The research also enabled Chaudry and his team to identify the methods staff used to circumvent security controls (for example, writing passwords on the back of identity badges), estimate the scope of these problems and assess the risk they posed in terms the board would appreciate.

Despite the hurdles, it's clear that Chaudry enjoys the challenge. “Every time, each member of the board is ready to attack us in a different way, so we need to be prepared to counter every attack with a reasoned argument,” he says. “It can be intense, but it's always interesting.”

What is a business case? Put simply, it's the first step in a capital planning and investment model, whether your organisation is considering building a new warehouse or installing a new firewall.

For information security projects, what is needed is a document that combines IT security issues, business objectives and financial management processes. It should help decision-makers understand the business value of a project, and offer a compelling argument to fund it.

Most organisations already have an agreed format, and this should be followed as closely as possible, says Alan Calder, consultant and author of IT Governance: a Manager's Guide to Information Security and BS7799/ISO17799.

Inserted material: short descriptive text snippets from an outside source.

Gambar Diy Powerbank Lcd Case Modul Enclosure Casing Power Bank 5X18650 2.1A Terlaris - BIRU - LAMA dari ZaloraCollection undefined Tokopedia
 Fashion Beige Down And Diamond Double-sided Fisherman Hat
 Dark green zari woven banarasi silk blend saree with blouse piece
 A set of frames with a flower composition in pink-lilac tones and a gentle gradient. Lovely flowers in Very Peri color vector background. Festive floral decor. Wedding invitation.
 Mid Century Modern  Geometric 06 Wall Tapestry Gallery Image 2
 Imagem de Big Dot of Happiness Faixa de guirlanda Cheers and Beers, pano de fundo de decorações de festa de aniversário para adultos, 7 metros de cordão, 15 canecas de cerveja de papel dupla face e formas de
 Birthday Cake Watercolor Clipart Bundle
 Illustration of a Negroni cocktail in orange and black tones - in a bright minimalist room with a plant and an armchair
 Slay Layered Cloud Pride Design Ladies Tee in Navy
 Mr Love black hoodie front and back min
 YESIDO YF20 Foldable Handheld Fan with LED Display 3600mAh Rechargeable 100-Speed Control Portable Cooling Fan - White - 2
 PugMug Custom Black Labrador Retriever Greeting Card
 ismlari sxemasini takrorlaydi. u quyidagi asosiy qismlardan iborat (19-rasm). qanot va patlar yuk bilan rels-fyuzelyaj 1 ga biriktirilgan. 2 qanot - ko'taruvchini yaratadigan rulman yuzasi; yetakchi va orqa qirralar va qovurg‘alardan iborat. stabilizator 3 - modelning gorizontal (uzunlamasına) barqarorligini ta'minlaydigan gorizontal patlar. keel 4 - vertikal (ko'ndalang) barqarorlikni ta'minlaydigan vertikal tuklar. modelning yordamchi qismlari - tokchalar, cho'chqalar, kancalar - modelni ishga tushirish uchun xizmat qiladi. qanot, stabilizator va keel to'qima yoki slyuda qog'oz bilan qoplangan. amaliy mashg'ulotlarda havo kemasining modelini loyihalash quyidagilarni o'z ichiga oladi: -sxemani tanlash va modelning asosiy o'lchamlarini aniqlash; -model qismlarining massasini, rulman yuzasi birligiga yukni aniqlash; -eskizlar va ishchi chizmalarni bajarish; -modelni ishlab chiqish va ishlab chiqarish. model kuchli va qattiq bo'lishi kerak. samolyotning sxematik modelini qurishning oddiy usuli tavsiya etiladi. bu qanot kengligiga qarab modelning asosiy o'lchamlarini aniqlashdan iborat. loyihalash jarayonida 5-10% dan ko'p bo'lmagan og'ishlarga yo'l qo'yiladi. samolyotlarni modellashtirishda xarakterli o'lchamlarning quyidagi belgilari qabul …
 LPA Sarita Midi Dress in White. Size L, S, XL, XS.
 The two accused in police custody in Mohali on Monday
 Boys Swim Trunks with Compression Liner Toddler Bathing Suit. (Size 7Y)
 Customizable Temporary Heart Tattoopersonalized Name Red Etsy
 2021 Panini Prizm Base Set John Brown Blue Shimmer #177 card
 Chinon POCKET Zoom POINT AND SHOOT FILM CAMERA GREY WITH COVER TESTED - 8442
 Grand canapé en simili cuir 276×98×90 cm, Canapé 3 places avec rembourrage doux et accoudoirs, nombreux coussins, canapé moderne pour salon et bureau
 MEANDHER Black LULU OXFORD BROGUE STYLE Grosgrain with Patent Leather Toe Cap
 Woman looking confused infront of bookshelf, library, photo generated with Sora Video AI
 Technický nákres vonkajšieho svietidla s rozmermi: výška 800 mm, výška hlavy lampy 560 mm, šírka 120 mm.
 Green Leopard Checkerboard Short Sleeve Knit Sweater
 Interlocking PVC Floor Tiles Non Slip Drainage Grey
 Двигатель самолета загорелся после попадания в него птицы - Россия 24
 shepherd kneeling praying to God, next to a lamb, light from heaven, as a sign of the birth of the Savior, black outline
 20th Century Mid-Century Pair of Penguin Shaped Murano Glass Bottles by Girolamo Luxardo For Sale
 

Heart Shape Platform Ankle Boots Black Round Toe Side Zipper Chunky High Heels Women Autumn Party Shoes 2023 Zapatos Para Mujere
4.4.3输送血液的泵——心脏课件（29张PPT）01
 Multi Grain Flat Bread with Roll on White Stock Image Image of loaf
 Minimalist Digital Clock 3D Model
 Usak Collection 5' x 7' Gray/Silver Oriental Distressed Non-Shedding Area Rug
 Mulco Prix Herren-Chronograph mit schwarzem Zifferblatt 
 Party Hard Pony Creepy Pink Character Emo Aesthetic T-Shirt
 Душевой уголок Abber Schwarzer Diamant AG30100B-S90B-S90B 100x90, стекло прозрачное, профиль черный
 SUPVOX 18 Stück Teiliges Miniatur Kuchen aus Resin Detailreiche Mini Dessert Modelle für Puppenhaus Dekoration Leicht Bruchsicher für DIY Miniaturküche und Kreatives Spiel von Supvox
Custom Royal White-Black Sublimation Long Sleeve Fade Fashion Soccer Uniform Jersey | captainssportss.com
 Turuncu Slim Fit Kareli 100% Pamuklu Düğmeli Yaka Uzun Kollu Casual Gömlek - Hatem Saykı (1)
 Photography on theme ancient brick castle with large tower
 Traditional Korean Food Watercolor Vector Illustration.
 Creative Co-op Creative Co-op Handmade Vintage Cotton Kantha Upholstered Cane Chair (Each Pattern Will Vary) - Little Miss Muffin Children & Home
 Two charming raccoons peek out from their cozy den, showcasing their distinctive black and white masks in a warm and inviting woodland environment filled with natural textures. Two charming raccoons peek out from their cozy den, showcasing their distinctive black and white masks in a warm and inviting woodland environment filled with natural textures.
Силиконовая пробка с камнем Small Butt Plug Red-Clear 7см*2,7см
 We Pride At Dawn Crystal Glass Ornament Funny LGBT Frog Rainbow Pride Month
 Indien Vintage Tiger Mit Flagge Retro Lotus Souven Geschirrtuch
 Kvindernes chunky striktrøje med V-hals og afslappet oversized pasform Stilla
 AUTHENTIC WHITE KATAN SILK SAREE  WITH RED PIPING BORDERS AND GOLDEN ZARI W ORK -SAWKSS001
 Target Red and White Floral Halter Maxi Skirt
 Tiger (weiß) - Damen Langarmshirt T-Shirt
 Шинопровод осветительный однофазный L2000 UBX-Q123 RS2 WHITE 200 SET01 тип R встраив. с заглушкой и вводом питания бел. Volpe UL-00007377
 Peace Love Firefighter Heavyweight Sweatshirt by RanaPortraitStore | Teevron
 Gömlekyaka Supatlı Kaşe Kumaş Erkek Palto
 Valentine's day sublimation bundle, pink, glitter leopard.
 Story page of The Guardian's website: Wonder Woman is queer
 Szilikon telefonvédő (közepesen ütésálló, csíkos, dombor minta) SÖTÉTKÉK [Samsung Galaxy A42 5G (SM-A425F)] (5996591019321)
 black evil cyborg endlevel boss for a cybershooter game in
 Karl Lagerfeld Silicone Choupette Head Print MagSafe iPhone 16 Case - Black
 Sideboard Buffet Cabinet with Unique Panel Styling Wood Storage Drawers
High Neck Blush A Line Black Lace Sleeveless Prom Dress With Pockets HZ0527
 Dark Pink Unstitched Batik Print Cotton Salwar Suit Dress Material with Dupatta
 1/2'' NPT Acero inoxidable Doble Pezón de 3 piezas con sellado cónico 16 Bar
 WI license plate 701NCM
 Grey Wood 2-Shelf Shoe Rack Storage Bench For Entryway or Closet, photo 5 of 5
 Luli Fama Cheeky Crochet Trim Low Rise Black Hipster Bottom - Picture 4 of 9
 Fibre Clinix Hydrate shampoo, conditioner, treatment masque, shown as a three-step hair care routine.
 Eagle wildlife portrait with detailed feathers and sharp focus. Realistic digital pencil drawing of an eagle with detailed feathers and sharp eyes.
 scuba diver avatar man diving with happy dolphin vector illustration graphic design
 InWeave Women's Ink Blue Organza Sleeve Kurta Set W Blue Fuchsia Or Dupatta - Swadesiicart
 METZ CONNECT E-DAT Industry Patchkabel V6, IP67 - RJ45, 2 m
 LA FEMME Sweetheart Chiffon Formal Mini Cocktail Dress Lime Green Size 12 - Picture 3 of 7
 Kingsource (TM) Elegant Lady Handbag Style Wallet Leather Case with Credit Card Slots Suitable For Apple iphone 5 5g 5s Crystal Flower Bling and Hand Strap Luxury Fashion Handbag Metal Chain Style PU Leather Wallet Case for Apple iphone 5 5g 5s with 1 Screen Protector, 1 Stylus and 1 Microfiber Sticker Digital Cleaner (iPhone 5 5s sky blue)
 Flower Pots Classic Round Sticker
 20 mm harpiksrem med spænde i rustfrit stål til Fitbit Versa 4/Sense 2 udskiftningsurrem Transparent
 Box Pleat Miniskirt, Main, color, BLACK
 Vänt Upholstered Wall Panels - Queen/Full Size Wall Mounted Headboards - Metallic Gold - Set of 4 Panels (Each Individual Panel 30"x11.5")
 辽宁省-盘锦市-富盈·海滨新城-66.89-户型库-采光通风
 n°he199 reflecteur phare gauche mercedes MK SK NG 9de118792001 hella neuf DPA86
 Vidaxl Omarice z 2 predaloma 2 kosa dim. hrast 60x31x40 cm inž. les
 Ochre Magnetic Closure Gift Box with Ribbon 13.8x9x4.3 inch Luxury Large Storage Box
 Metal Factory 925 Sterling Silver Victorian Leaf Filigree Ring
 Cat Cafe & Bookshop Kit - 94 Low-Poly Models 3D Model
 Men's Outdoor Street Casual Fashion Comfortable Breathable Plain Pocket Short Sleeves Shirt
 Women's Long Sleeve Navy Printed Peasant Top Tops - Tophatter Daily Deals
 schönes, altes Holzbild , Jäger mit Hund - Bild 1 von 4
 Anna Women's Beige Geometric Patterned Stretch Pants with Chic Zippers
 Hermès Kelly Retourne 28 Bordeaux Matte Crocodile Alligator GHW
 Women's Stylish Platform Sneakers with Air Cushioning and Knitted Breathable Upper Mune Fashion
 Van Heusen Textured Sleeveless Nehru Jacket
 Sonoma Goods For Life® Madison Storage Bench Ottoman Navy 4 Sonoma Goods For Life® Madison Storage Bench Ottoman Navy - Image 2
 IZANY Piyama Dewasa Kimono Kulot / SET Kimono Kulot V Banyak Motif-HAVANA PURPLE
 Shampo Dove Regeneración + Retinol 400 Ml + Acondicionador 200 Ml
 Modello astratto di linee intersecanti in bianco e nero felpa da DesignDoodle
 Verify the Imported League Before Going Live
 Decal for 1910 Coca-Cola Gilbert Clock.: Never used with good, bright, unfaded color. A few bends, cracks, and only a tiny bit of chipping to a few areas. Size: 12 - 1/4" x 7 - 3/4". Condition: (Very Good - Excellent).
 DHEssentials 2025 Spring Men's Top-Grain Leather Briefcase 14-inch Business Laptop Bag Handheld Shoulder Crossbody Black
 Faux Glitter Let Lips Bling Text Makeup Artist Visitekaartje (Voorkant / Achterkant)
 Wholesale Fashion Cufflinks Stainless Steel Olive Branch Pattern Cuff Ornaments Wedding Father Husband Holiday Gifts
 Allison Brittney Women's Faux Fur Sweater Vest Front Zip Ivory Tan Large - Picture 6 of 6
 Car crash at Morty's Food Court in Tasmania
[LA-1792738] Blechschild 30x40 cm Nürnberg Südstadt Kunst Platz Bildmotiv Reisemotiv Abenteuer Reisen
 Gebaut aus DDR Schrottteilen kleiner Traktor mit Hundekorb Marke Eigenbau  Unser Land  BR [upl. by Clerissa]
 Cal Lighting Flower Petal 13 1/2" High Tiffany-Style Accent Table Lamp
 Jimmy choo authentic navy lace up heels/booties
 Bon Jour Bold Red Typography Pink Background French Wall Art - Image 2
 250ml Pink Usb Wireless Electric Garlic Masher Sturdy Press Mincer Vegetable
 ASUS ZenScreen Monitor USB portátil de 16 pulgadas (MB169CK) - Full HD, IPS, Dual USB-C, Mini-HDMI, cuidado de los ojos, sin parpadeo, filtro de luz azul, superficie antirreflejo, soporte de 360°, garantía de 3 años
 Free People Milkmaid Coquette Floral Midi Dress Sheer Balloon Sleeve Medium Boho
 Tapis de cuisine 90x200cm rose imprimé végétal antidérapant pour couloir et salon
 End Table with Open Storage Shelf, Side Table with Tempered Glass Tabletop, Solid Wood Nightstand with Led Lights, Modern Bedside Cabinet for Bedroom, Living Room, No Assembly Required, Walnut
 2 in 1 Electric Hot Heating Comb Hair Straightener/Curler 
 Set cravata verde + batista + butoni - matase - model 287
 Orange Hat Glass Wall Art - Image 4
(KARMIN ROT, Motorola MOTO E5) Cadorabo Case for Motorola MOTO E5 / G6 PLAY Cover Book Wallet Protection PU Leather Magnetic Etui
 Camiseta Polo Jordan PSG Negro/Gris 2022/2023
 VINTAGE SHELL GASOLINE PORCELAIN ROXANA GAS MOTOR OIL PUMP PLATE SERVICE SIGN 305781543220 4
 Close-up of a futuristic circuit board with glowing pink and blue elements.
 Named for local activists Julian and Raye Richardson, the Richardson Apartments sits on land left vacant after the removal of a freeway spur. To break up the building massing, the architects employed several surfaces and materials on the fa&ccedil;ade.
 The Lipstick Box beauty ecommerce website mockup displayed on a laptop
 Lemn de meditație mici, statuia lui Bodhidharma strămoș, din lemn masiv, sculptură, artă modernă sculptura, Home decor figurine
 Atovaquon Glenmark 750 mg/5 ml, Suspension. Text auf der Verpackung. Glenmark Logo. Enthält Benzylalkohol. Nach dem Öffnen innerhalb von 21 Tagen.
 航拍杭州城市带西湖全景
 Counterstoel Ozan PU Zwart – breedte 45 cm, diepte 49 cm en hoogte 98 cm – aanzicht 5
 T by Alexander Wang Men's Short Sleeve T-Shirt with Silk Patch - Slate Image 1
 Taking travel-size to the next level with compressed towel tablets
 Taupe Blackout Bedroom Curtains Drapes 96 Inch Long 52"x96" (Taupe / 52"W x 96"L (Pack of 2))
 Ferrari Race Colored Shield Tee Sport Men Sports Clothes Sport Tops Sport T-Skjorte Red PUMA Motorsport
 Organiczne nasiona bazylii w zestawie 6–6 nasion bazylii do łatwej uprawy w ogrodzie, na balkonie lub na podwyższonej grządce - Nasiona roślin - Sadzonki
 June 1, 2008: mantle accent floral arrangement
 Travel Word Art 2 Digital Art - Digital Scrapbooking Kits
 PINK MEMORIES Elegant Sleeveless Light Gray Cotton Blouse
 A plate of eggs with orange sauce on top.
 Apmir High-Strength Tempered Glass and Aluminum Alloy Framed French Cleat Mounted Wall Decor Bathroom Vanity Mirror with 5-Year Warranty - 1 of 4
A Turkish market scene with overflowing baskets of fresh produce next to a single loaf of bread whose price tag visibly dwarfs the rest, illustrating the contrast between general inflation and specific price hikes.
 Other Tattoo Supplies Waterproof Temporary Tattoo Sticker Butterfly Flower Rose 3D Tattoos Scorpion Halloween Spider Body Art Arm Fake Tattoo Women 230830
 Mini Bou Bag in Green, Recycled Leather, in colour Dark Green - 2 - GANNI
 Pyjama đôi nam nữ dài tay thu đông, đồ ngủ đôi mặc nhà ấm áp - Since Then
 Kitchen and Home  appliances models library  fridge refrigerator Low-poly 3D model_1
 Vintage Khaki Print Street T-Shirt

The basic elements of a business case:

1. Project objectives
Describe the current situation and the IT security risk your proposed project will seek to mitigate. Be succinct, but include all the details that need to be considered; highlight the areas of business most affected by this risk and describe the likely impact if the risk were to manifest itself.

2. Options
What are your options for controlling this risk? “If it's not possible to stop doing business in this area, then you need to take steps to reduce the risk to an acceptable level,” says Calder.

Appropriate controls will involve changes in technology, procedure and behaviour. For each option, describe the project, including goals, timeframe and resources required.

3. Cost/benefit analysis
A cost/benefit analysis includes the cost of the project along with the benefits and any estimates at the return on investment (ROI). “You need to look not only at upfront costs for the security technology involved, but also the costs of implementing and maintaining it over its expected lifetime,” says Calder.

ROI calculations should be kept meaningful. For example, the ROI calculation for an access management implementation might go as follows: (Number of staff) x (Average time spent looking for user IDs per day/60 minutes) x (Average hourly salary) = lost revenue per day.

4. Risk assessment
Every project comes with risks, so show these have been considered and that plans are in place to mitigate against them. “I always like to include some description of the factors that might cause overruns in time and cost, for example,” says Jane Durant, IT director at law firm Lewis Silkin.

5. Conclusion and recommendation
If you've done a good job on the rest of the business case, this should be easy. Provide a brief summary of the reasons why the benefits of the project outweigh the costs and risks involved and why you believe your firm should go ahead.